I asked Matt and Andrew what their thoughts were when they found out about Grandpa, who was living at the other end of the country, over 3,000 miles away. Eleven-year-old Matt said he felt horrified and can't even really explain, but it was one of the worst feelings in the world. "Inside I hurt so much, but I didn't cry. My teacher said she was very sorry and would be praying for my grandfather. I think Grandpa is in one of the happiest places in heaven. He's a guardian angel to me. When I pray at school, I feel he is giving me strength. Grandpa is a spirit within God that is helping me. God wants me to know that Grandpa is helping us to do all good things. I remember everyday that Grandpa is with me in spirit."
Matt and Andrew both said that Grandpa made them feel good about themselves even when they felt sad. "He made me laugh." "We talked about school and the things we did... we played checkers... we talked about everything."
Andrew said he felt dreadful, shocked and was in a lot of pain when he found out. He said, "Mommy and I cried together. I'm sometimes moody at school because I can't stop thinking about Grandpa. My friends whose grandparents died are very nice and understanding to me. My teacher felt sorry for me. We have a prayer box in school for someone who is sick or died or if you just want to say a prayer. I did this for Grandpa." Both boys said they "pray for petitions." I asked them to please explain. After Mass in school, a prayer leader calls for everyone to say a prayer to Jesus out of love... and they pray for Grandpa and for Grandma to feel okay.
What was my reaction to the prayers that I was so unfamiliar with? I was proud of my grandsons and realized the innocence and love they were showing as they told me of these petitions.

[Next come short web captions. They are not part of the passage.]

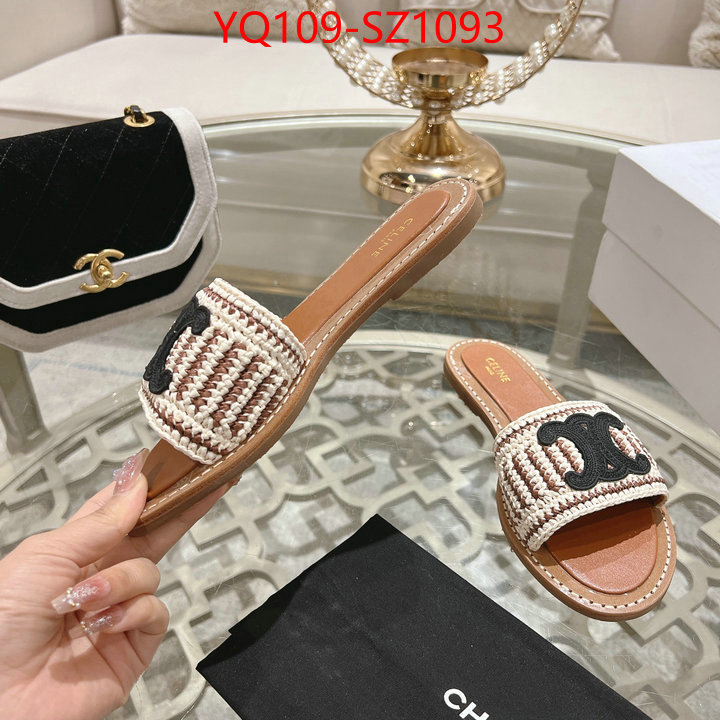Women Shoes-CELINE luxury cheap ID: SZ1093 $: 109USD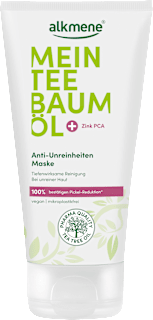 Anti-Pickel Gesichtsmaske Mein Teebaumöl  alkmene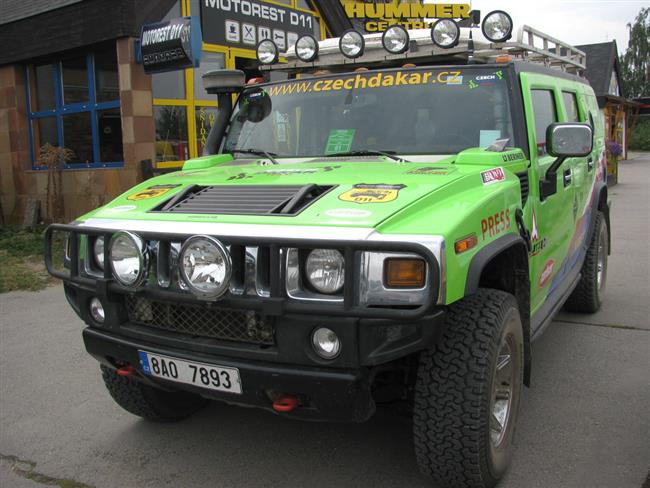 Na nejvznamnj podnik Silk Way v mezidakarskm obdob vyraz i Czech Dakar Team
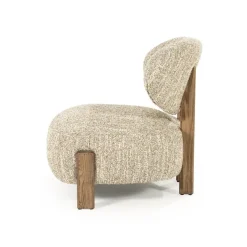Reiza Fauteuil bruin Beige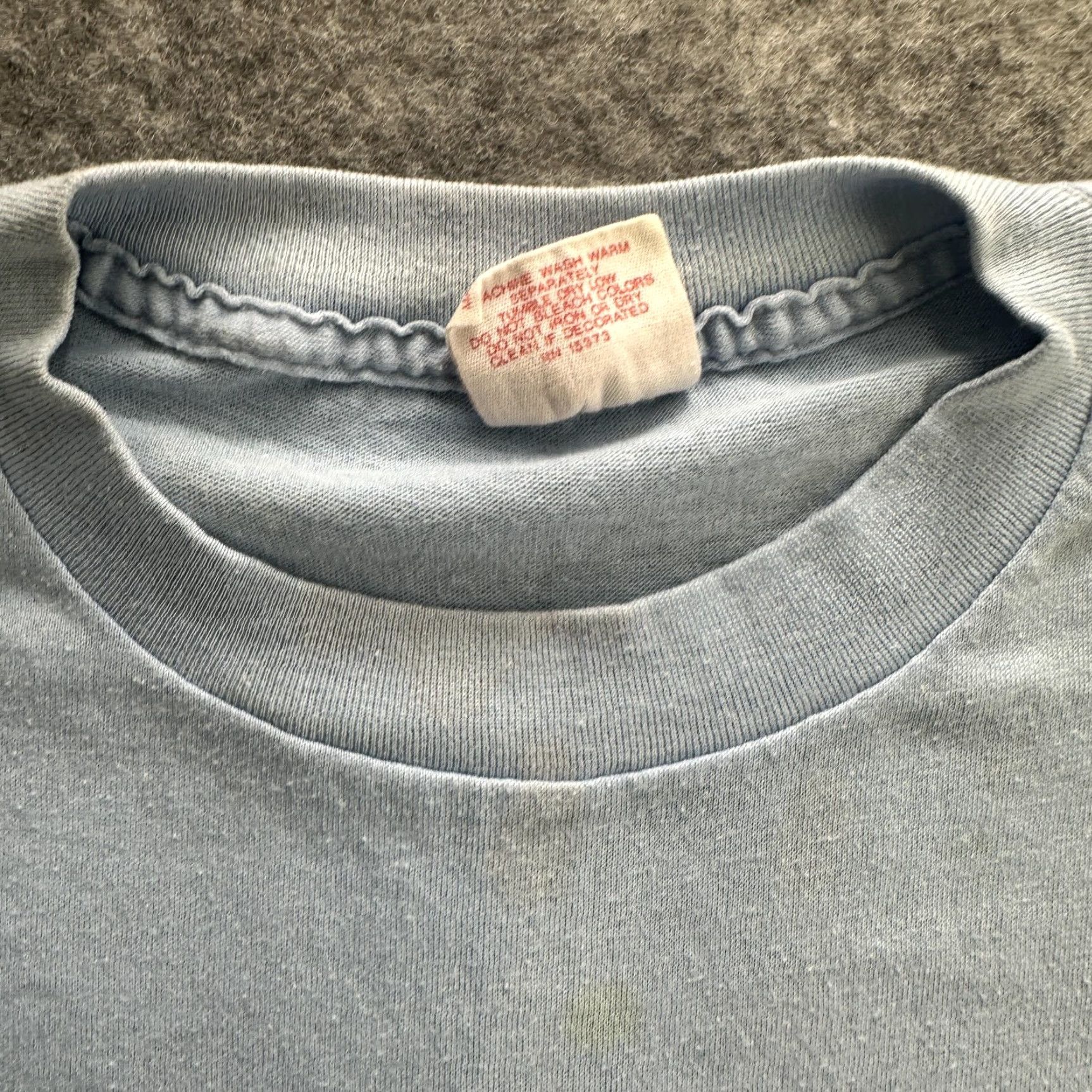 Vintage VINTAGE First National Bank Glencoe Shirt Mens XL Promo Event Tee USA 80s 90s Size US XL / EU 56 / 4 - 7 Thumbnail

What was important was the love behind their words, and nothing else mattered to me.
I think of families alienated from one another, grandparents who don't see or experience their grandchildren and who don't have love and support from their own sons and daughters due to "differences." Trying to control your children is a no-win situation. You lose the most precious gifts — the love and respect from your children and the ability to see, hear, and touch your grandchildren. My favorite expression is to turn the other cheek because you'll probably get kissed.
All three of my grandchildren feel their grandfather is in a very special place and watches over them. Their advice to me is "think happy thoughts." In fact, a conversation reflecting the innocence of a child's mind happened when I was visiting the boys' family for two months. The boys saw me crying many times and nine-year-old Andrew came in my room one night and said "Grandma, I have an idea for you. If every time you think of Grandpa, you cry, just don't think about him anymore." I was very careful not to say anything about his suggestion. I gently told him that I knew his grandfather over fifty years and he was worth my tears, but his idea is a very positive one for many other situations, such as losing a game or being upset with a friend. He understood and then said it upsets him to see me cry, but he understands.
Differences? There may be some, but when both boys spoke of "stewardship," I asked for an explanation. It seems stewardship refers to "acts of kindness towards family, neighbors, and your parish, and how a simple act of kindness can make a huge difference it the world." I told them about "mitzvahs," good deeds, and how similarly their father performed mitzvahs before his bar mitzvah, and somehow still does so today.
When I attended grandparents' day at my grandsons' school, Matt's teacher said, "a wonderful and special letter" was awaiting me. She was right. Matt gave me permission to share his words with you.
Thank you for showing me all the good things God has done for us. I am so glad that I am able to share Catholic and Jewish faith. I want you to know I love you and want to thank you for giving me a great Dad and I can celebrate Passover and Hanukkah with. I love you so much,
So what are the differences I felt? None.